== Segment start ==

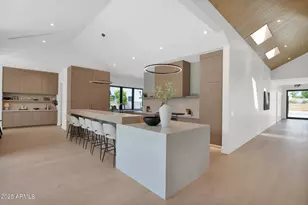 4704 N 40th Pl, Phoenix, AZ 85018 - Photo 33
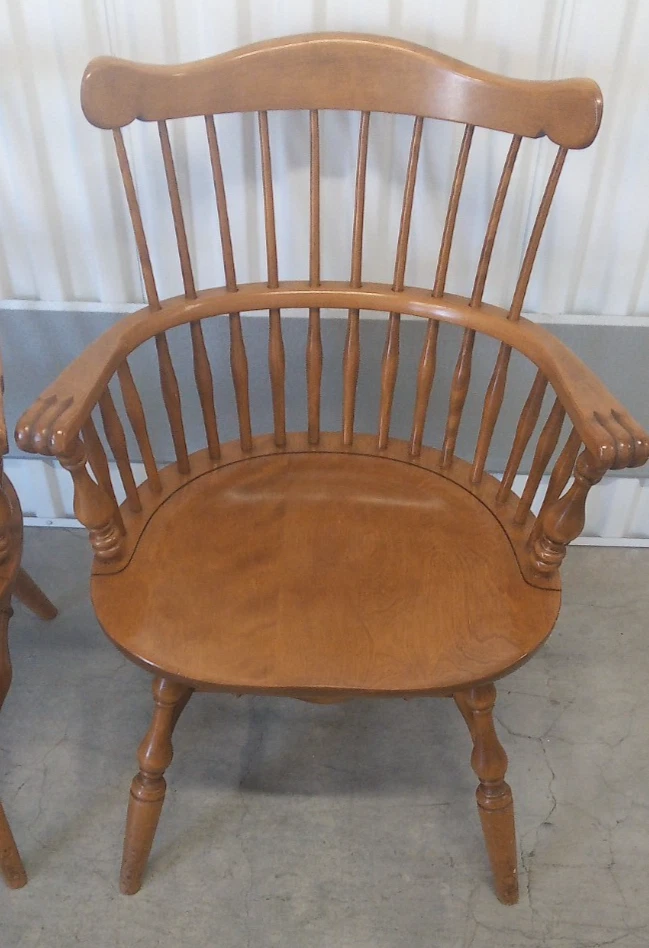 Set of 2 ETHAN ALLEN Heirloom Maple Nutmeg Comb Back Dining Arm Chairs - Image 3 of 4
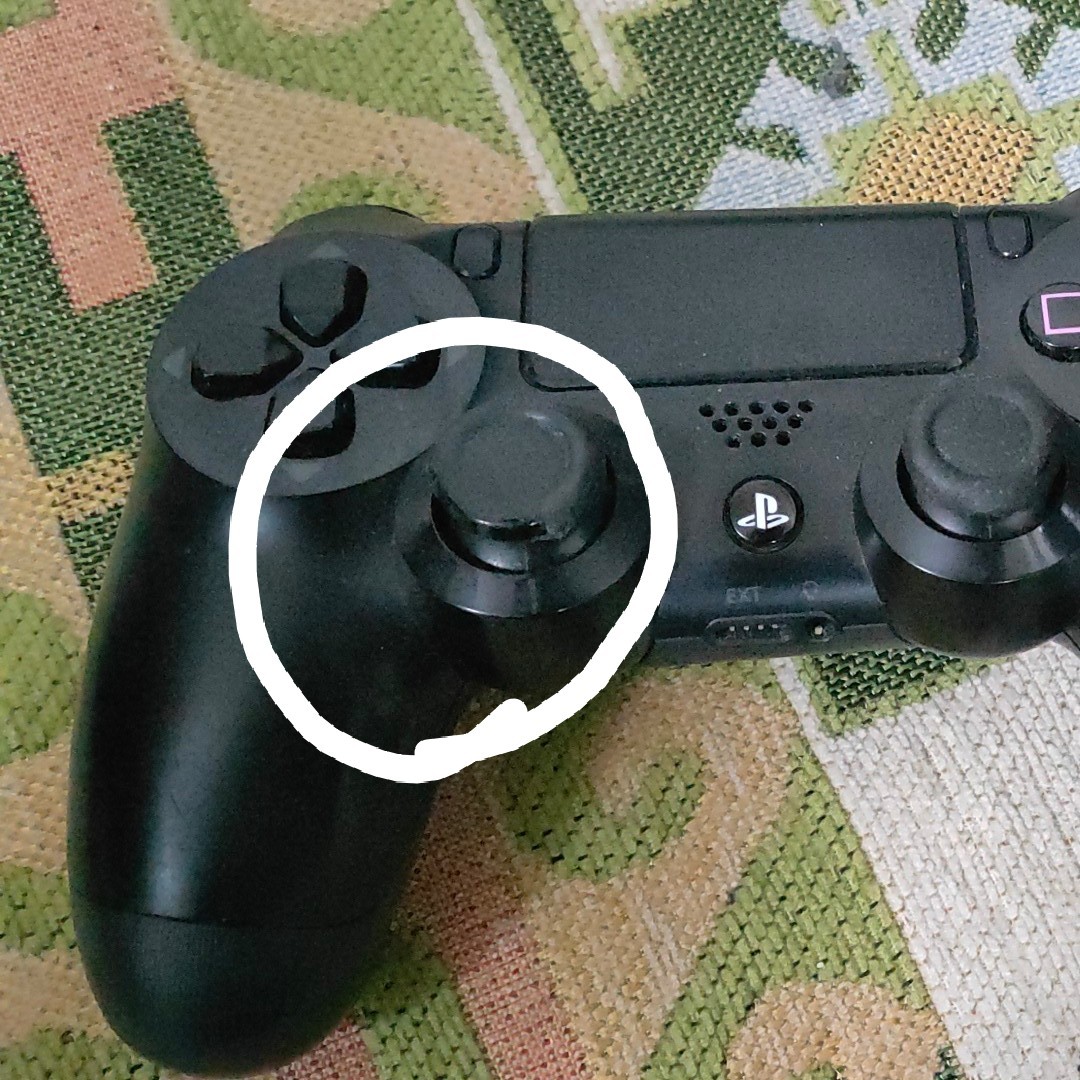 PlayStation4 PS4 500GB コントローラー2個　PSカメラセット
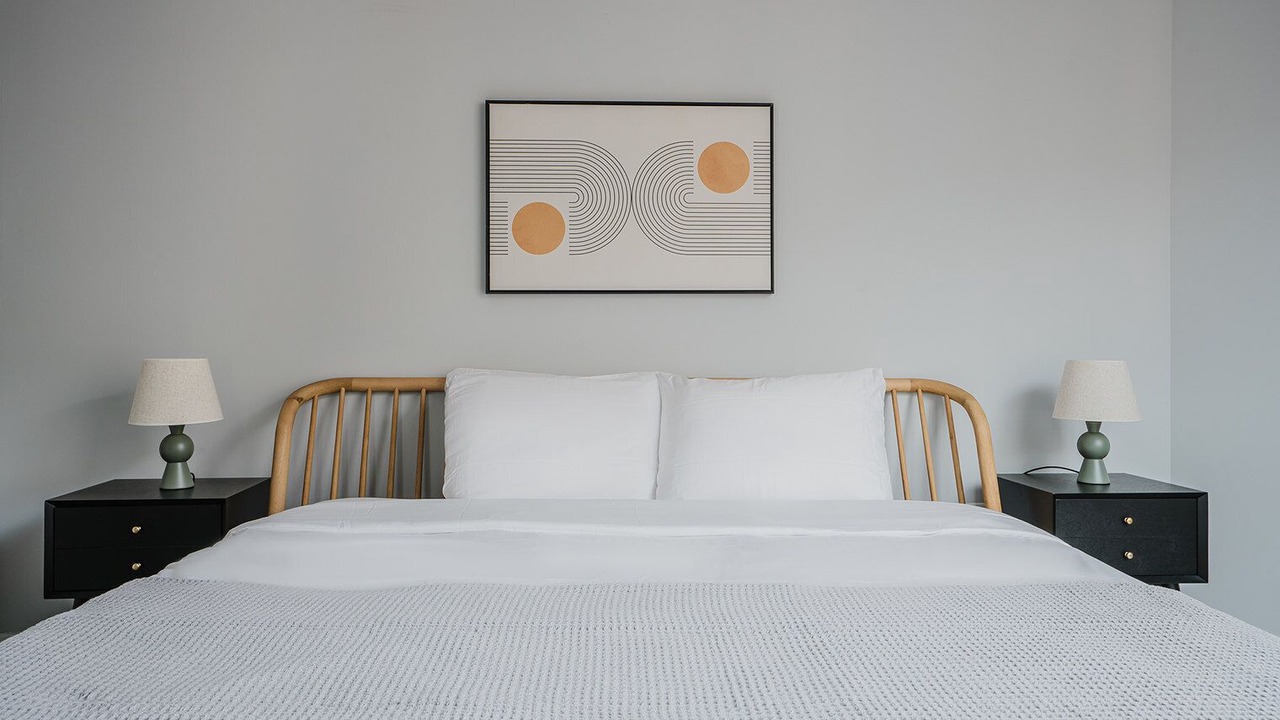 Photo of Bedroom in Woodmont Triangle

== Segment end ==

**WHAT YOU HAVE TO DO:** Everything in the data except the pictures must appear in your answer unchanged.

**YOUR SOLUTION:**
 4704 N 40th Pl, Phoenix, AZ 85018 - Photo 33
 Set of 2 ETHAN ALLEN Heirloom Maple Nutmeg Comb Back Dining Arm Chairs - Image 3 of 4
 PlayStation4 PS4 500GB コントローラー2個　PSカメラセット
 Photo of Bedroom in Woodmont Triangle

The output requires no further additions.